The Type-Token Ratio (TTR) is a pretty simple calculation. It is a measure of how many unique words are used in a corpus relative to the total words in the corpus. There is a detailed write-up of the process here, but the formula is really simple:

\[\frac{Number\ of\ Unique\ Words}{Total\ Words}\times100\]

As a silly, simple example, let’s use: The quick brown fox jumps over the lazy dog. The word “the” is the only word used more than once in this sentence.

\[{Number\ of\ Unique\ Words}=8\] \[{Total\ Words}=9\] \[{TTR}=\frac{8}{9}\times100=88.9\%\] A low TTR means that there are more words that are used again and again in the data, while a high TTR (maximum of 100%) means that few words are repeated in the dataset.

An Important Characteristic of TTR: While it’s alluring in its simplicity, it does have an important limitation, in that the more raw text there is in the “document” being evaluated, all things being equal, the lower the TTR will be, as the denominator grows with each additional word in the document. This wasn’t immediately obvious to me, but it became apparent in my initial stab at this analysis. We’ll come back to this important detail later.

The Approach: Trump’s TTR vs. a Comparison Set

Calculating the TTR solely for Trump’s tweets would just return a percentage, which wouldn’t be particularly enlightening. We’ll need some context. The approach I took was to also calculate and examine the TTR for each of the 12 Democratic candidates who made the cut to be on the Democratic debate stage on October 15, 2019. These felt like they were a good comparison set, as I’m focusing on “reasonably viable candidates who are attempting to win the U.S. Presidential election in 2020.”

Setup to Get the Data

There’s a little bit of setup required to use rtweet, in that a (free) app has to be created in the Twitter Developer Console. The credentials for that app can then be stored in a .Renviron file and then read in with Sys.getenv().

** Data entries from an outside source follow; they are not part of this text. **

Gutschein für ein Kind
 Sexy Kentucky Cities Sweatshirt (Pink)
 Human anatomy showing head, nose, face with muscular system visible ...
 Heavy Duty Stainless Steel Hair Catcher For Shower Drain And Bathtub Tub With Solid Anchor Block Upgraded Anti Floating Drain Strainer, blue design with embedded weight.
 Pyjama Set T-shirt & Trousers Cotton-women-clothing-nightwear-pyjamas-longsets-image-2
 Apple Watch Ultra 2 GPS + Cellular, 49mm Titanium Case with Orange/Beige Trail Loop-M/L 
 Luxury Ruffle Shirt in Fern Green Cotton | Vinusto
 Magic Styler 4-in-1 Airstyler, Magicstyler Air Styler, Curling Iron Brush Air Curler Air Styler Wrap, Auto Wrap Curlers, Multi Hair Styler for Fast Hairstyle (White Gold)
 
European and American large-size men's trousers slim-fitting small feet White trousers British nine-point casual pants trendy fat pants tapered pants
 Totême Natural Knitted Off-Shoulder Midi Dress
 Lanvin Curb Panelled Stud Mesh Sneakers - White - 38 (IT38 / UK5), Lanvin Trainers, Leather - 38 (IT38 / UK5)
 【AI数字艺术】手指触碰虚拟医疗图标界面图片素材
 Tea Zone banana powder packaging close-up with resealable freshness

And, to make the code repurposable, we specify a single Twitter account that is the primary account of interest, and then a vector of accounts to use for context/comparison.

# Load the necessary libraries. 
if (!require("pacman")) install.packages("pacman")
pacman::p_load(rtweet,        # How we actually get the Twitter data
               scales,        # % formatting in visualizations
               knitr,         # Eye-friendly tables
               kableExtra,    # More eye-friendly tables
               ggforce,       # Simpler labels on a scatterplot
               tidytext)      # Text analysis 

## SETTINGS #########################

# Set the number of total words to use for the TTR and the number of tweets to work with.
num_words <- 2500
num_tweets <- 200

# Estimated words per tweet. Ultimately, we're going to work with word counts, but
# we have to query the API for a number of tweets. This value can be left as is -- it's
# a pretty conservative (low) estimate.
words_per_tweet <- 15

# Set users to assess
user_highlight <- "realdonaldtrump"   # The primary user of interest for comparison
users_compare <- c("joebiden", "corybooker", "petebuttigieg", "juliancastro", 
                   "tulsigabbard", "kamalaharris", "amyklobuchar", "betoorourke",
                   "sensanders", "tomsteyer", "ewarren", "andrewyang")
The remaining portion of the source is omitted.